# GOAL OF THE EXERCISE
Images in the entries are to be skipped, and everything else is to be written out exactly.

# THE DATA

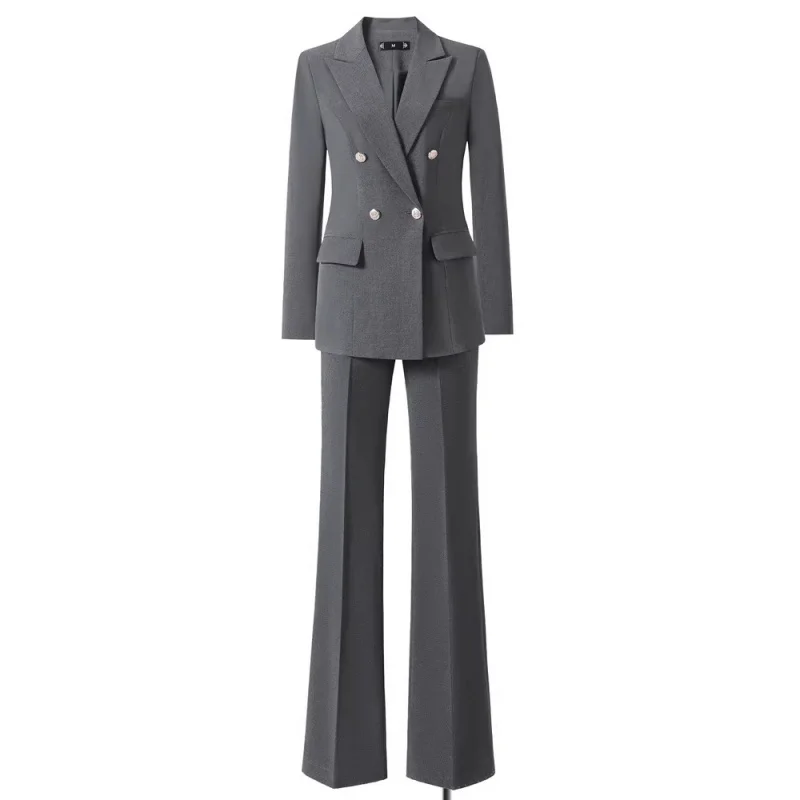 2026Hot-selling new long-sleeved professional suit, formal women's pantsuit for interviewsOLWomen's Workwear Traditional Suit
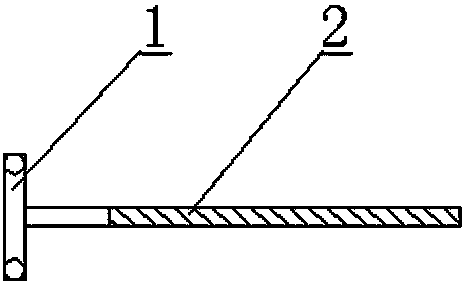 Outer wall strengthening rivet and outer wall strengthening method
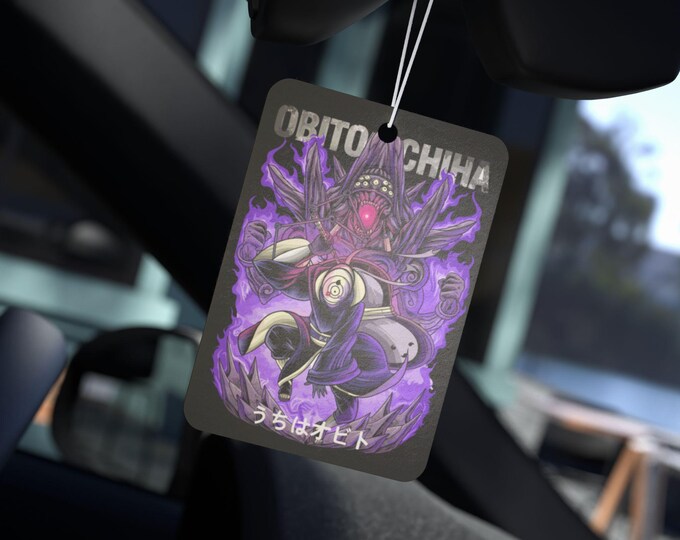 Anime Car Air Freshener Black Ice Scent Anime Auto Decor Otaku Rearview Mirror Tag Kawaii Car Accessory Perfect Gift for Anime Lovers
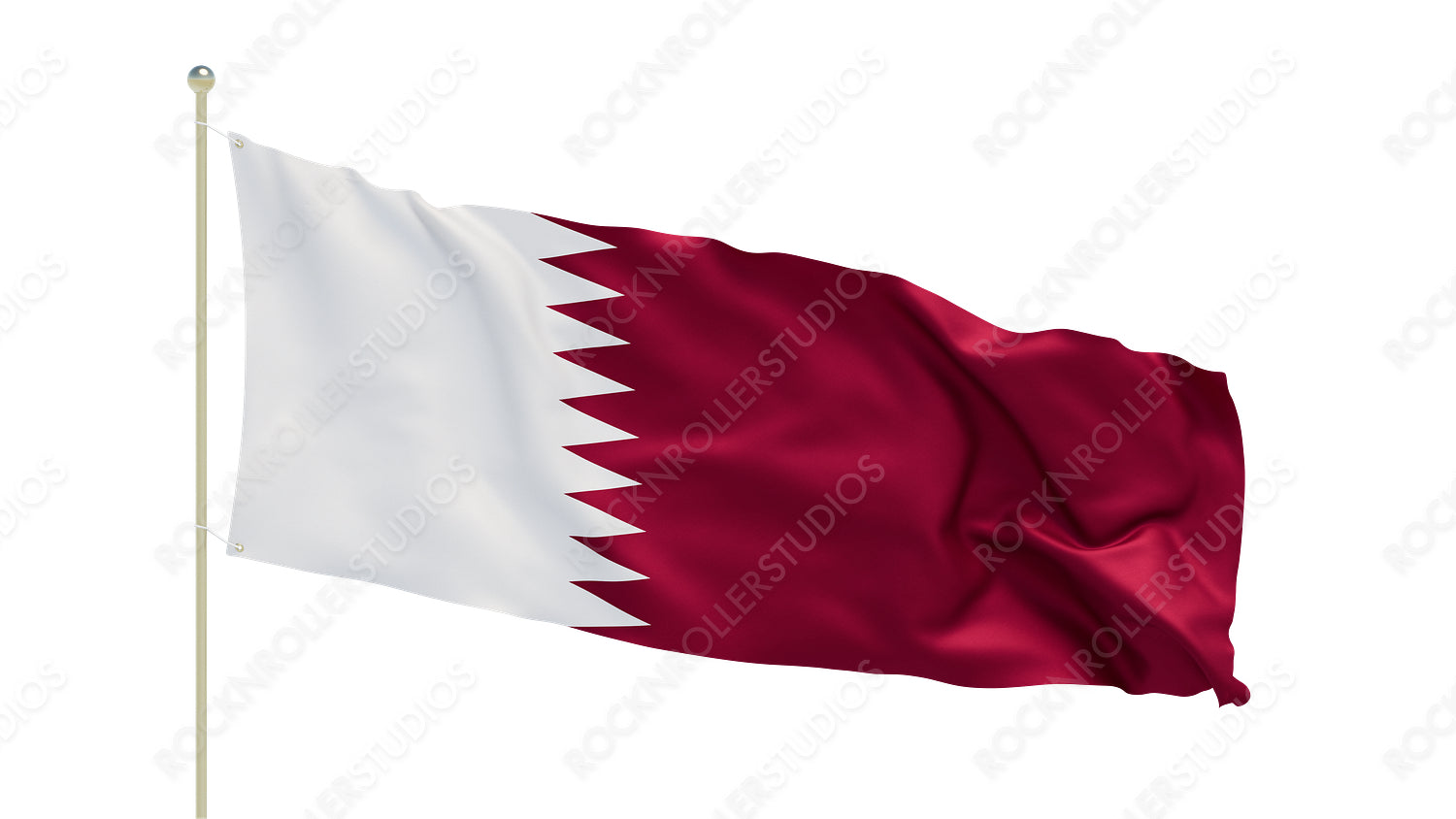 Striking Qatar Flag with Serrated Design - National Pride in White and Maroon. Transparent PNG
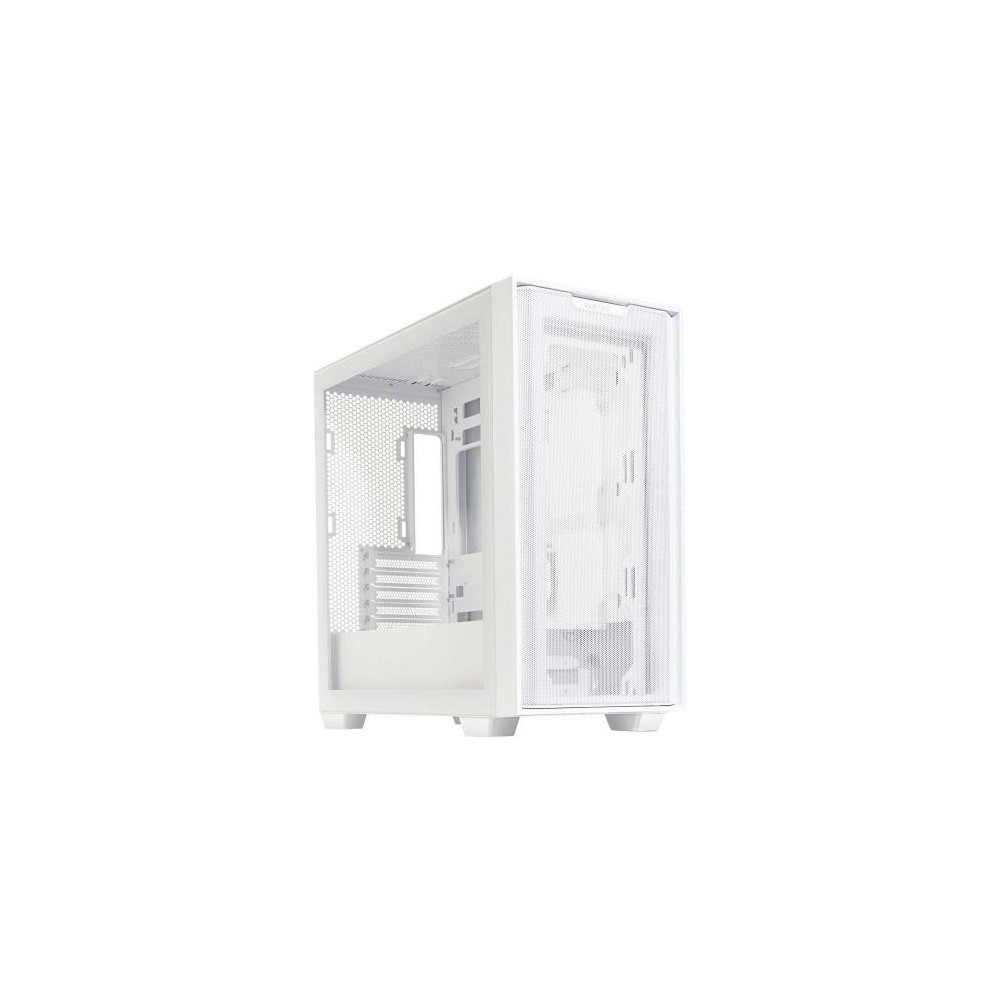CASE M.TOWER ASUS GAMING A21 USB3.0, PANNELLO NASCONDI CAVI (COMP. CON MB BTF), SIDE PANNEL TRASP - BIANCO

# SOLUTION TO THE PROBLEM
 2026Hot-selling new long-sleeved professional suit, formal women's pantsuit for interviewsOLWomen's Workwear Traditional Suit
 Outer wall strengthening rivet and outer wall strengthening method
 Anime Car Air Freshener Black Ice Scent Anime Auto Decor Otaku Rearview Mirror Tag Kawaii Car Accessory Perfect Gift for Anime Lovers
 Striking Qatar Flag with Serrated Design - National Pride in White and Maroon. Transparent PNG
CASE M.TOWER ASUS GAMING A21 USB3.0, PANNELLO NASCONDI CAVI (COMP. CON MB BTF), SIDE PANNEL TRASP - BIANCO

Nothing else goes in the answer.